# Lecture 6
Mikhail Belyaev and Maxim Panov

## Bongard problem
* Present two sets of relatively simple diagrams, say A and B.
* All the diagrams from set A have a common factor or attribute, which is lacking in all the diagrams of set B.
* The problem is to find, or to formulate, convincingly, the common factor.

![image](./bongard/2.PNG)

![image](./bongard/6.PNG)

![image](./bongard/12.PNG)

![image](./bongard/16.PNG)

![image](./bongard/27.PNG)

![image](./bongard/44.PNG)

![image](./bongard/50.PNG)

![image](./bongard/69.PNG)

# Ensembling

#### Toy Classification Problem

* Data $X$ and $Y$ , with $Y$ taking values $+1$ or $−1$.
* Here $X = (X_1, X_2)$.
* The black boundary is the **Bayes Decision Boundary** - the best one can do.
* **Goal:** Given $N$ training pairs $(X_i, Y_i)$ produce a classifier $\hat{C}(X) \in \{-1, 1\}$.

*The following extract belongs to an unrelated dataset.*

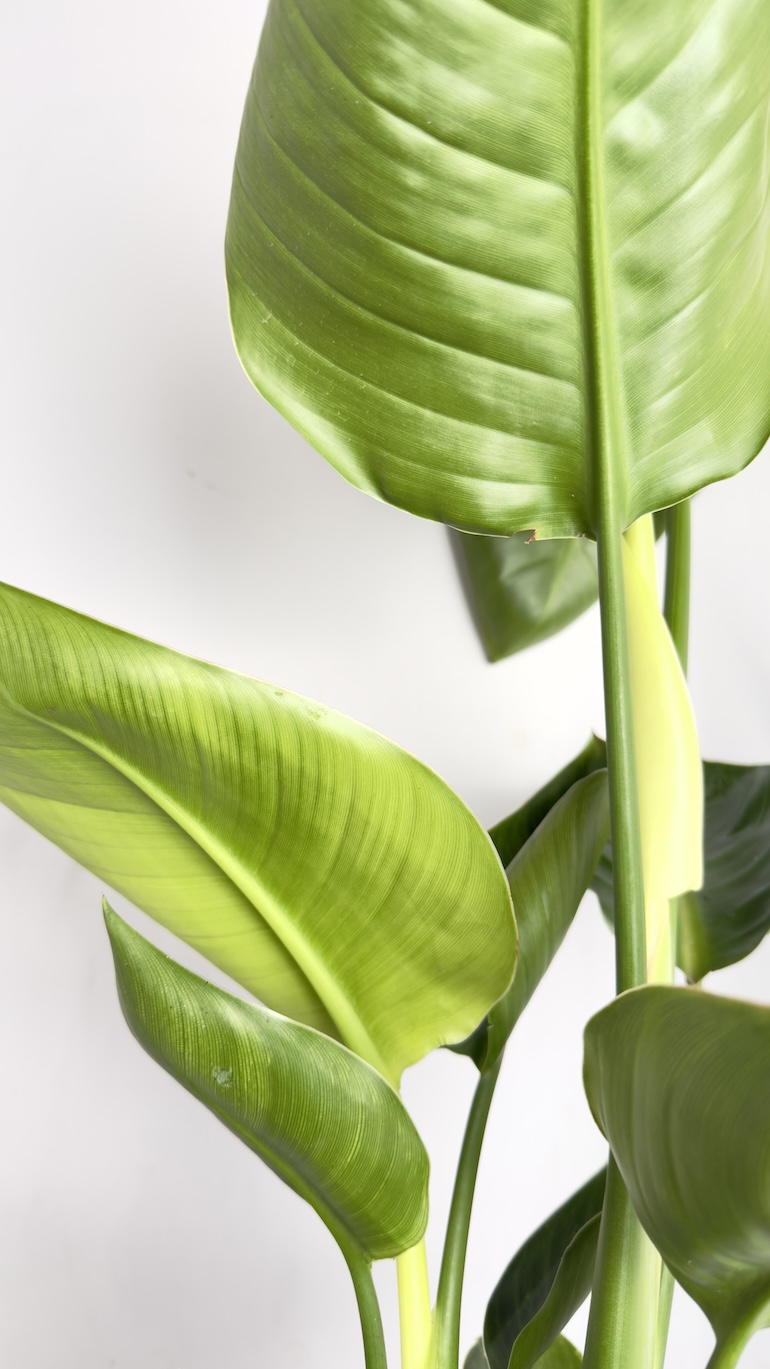Strelitzia Nicolai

![image](./figures/toy_1.PNG)

* Deterministic problem noise comes from sampling distribution of $X$.
* Use a training sample of size 200.
* Here **Bayes Error** is $0 \%$.

![image](./figures/toy_2.PNG)

* Classification tree provides a specific type of decisoin boundary.
* When the sphere is in 10-dimensions, Classification Trees produces a rather noisy and inaccurate rule $\hat{C}(X)$ with error rates around $30\%$.

![image](./figures/toy_3.PNG)

Classification trees can be simple, but often produce noisy or weak classifiers.

* **Bagging** (Breiman, 1996): Fit many large trees to bootstrap-resampled versions of the training data, and classify by majority vote.
* **Boosting** (Freund & Shapire, 1996): Fit many large or small trees to reweighted versions of the training data. Classify by weighted majority vote.
* **Random Forests** (Breiman 1999): Fancier version of bagging.

In general Boosting > Random Forests > Bagging > Single Tree.

## Bagging

* Suppose $C(S, x)$ is a classifier, such as a tree, based on our training data $S$, producing a predicted class label at input point $x$.
* To bag $C$, we draw bootstrap samples $S_1, \dots, S_B$ each of size $N$ with replacement from the training data. 
* Then $\hat{C}_{bag}(x) = Majority Vote \{C(S_b, x)\}_{b = 1}^B$.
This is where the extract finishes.